BEGIN Dataset excerpt

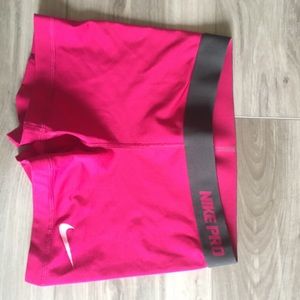 Pink nike pro's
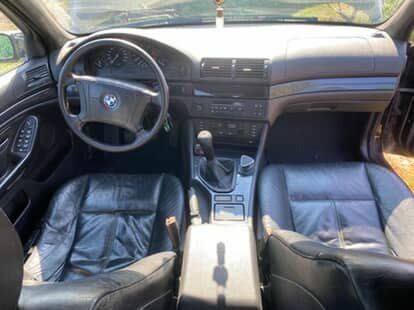 Черный БМВ 5 Серия, объемом двигателя 3 л и пробегом 480 тыс. км за 3000 $, фото 3 на Automoto.ua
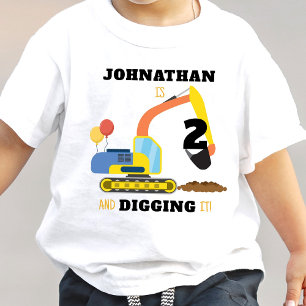 Camiseta Construção de 2º Aniversário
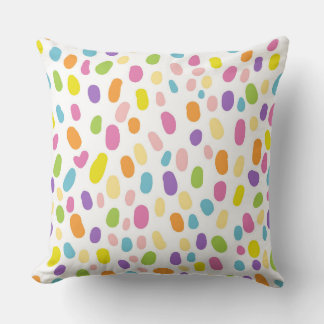 Spelande regnbågsdockor Färgfull Abstrakt Mönster Kudde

END Dataset excerpt

Copy out all the data exactly; skip the pictures.

### Response to the task
 Pink nike pro's
 Черный БМВ 5 Серия, объемом двигателя 3 л и пробегом 480 тыс. км за 3000 $, фото 3 на Automoto.ua
 Camiseta Construção de 2º Aniversário
 Spelande regnbågsdockor Färgfull Abstrakt Mönster Kudde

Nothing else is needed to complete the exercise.